YOUR TASK: Each line of the material below is to be written out exactly. Leave out any picture.

RECORDED INFORMATION:
• • • • •
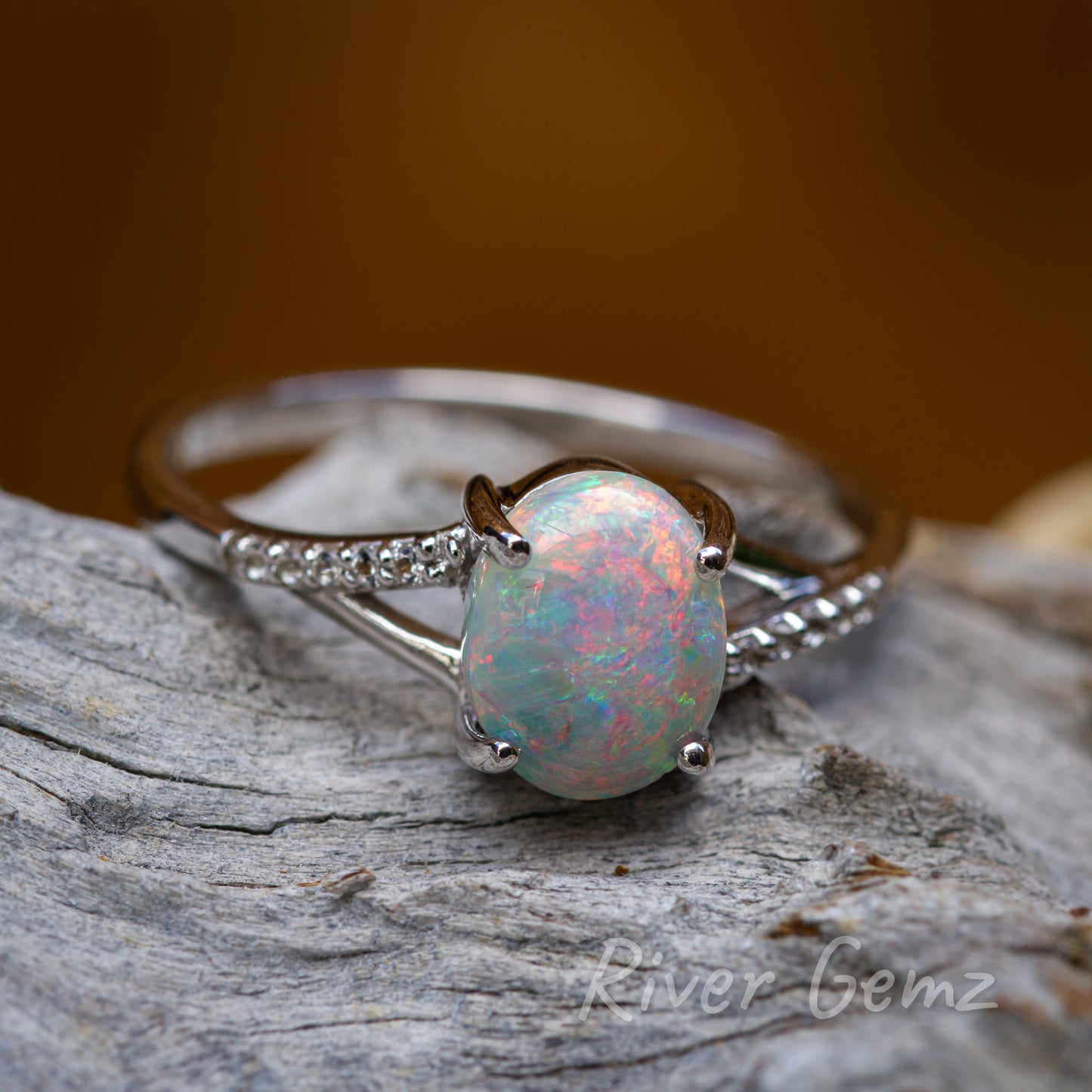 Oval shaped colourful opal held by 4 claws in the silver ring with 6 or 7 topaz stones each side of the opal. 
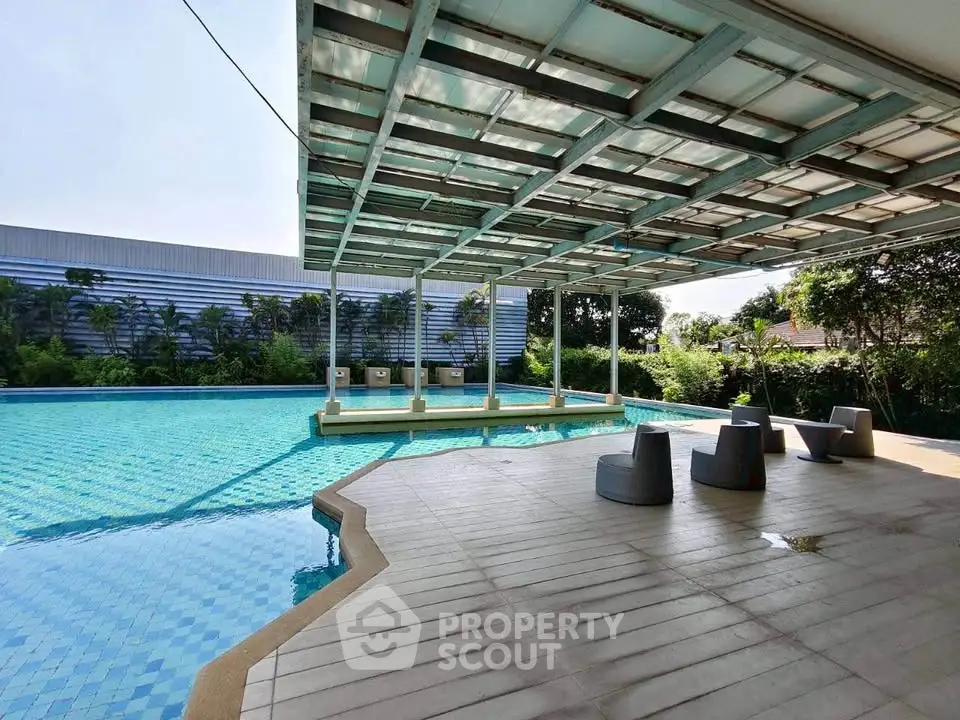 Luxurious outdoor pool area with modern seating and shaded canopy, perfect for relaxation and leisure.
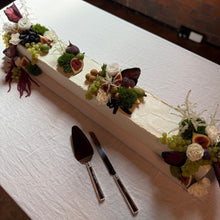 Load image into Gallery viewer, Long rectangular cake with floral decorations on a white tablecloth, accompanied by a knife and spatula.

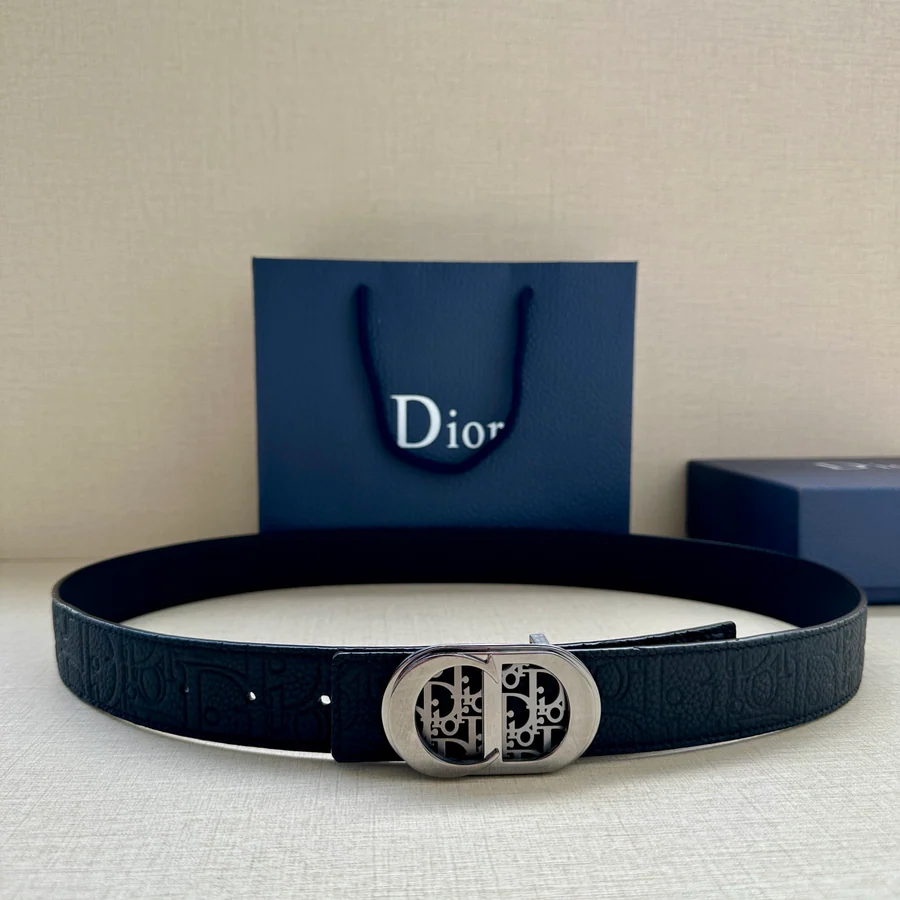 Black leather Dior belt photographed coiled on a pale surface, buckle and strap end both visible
• • • • •
TASK RESPONSE:
 Oval shaped colourful opal held by 4 claws in the silver ring with 6 or 7 topaz stones each side of the opal. 
 Luxurious outdoor pool area with modern seating and shaded canopy, perfect for relaxation and leisure.
 Load image into Gallery viewer, Long rectangular cake with floral decorations on a white tablecloth, accompanied by a knife and spatula.

 Black leather Dior belt photographed coiled on a pale surface, buckle and strap end both visible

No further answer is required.